Ford CEO says $2 billion in tariff costs prevents more US investments
September 30, 2025
The cost of tariffs is weighing heavily on Ford (F).
“I mean, it’s frustrating ’cause we’re the most American auto company, and we export the most, and yet, we have this $2 billion headwind, which prevents me from investing even more in the US,” Ford CEO Jim Farley told Yahoo Finance at Ford’s Accelerate Pro conference in Detroit.
Farley said imported parts — such as wiring looms, fasteners, sensors, and brake components — are sourced from countries like China, Canada, Mexico, Japan, and South Korea. Tariffs on these parts are driving up costs, including for Ford’s F-150 truck.
If the company wants to manufacture in the US, it has to “import literally thousands of dollars of parts on [the] F-150,” Farley said. Tariffs vary by product and the country of origin, but Ford is paying anywhere between 25% and 70% tariffs on the imported items, which “adds up to $2 billion.”

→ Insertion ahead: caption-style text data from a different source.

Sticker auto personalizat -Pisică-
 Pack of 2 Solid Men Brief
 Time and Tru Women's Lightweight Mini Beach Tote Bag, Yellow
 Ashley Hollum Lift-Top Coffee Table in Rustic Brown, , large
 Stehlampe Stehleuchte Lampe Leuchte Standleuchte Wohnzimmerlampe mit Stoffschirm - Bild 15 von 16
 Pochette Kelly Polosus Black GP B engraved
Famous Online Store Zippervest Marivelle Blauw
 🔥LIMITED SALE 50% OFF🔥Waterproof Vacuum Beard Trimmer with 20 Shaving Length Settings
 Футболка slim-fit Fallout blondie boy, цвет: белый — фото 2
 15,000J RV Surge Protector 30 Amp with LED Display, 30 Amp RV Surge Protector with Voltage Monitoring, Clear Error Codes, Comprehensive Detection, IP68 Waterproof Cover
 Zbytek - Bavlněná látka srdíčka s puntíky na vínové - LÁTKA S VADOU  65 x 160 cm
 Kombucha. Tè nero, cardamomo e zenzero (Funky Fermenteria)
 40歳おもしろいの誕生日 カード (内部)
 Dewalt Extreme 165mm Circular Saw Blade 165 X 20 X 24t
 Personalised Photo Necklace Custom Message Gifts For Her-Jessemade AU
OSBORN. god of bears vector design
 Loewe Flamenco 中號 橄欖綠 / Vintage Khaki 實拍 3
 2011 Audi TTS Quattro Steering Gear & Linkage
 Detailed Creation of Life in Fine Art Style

The automaker has had “some really good conversations with the Trump administration,” Farley said, and is soliciting support from the White House.
“Hey, help us, help us make more in the US by making these tariffs on the parts for cars more reasonable,” Farley said.
Read more: The latest news and updates on Trump’s tariffs
Farley also cited progress on regulatory fronts, noting conversations with the Environmental Protection Agency (EPA) to adjust tailpipe emission rules that better reflect customer demand.
“That gives me hope that we’re gonna find a solution for that $2 billion parts bill,” he said.
Ford’s tariff headwind comes against the backdrop of a strong second quarter performance.
During the period, the company generated revenue of $50.2 billion, beating consensus estimates of $44.14 billion, according to Bloomberg data. Adjusted earnings per share were $0.37, surpassing the $0.31 expected.
The automaker also updated its full-year EBIT [earnings before interest, taxes] guidance to $6.5 billion-$7.5 billion, which includes the $2 billion net tariff impact. The company had suspended its guidance during the previous quarter due to policy uncertainty.
Wall Street is cautiously optimistic. Analysts note that the underlying business remains strong despite tariff pressures. If Ford can leverage its US manufacturing footprint and capitalize on favorable policy and regulatory shifts, further gains are possible.
In a note to clients, JPMorgan analyst Ryan Brinkman wrote that “overall execution appears solid,” pointing to Ford Pro’s margin strength and the company’s cost-saving initiatives.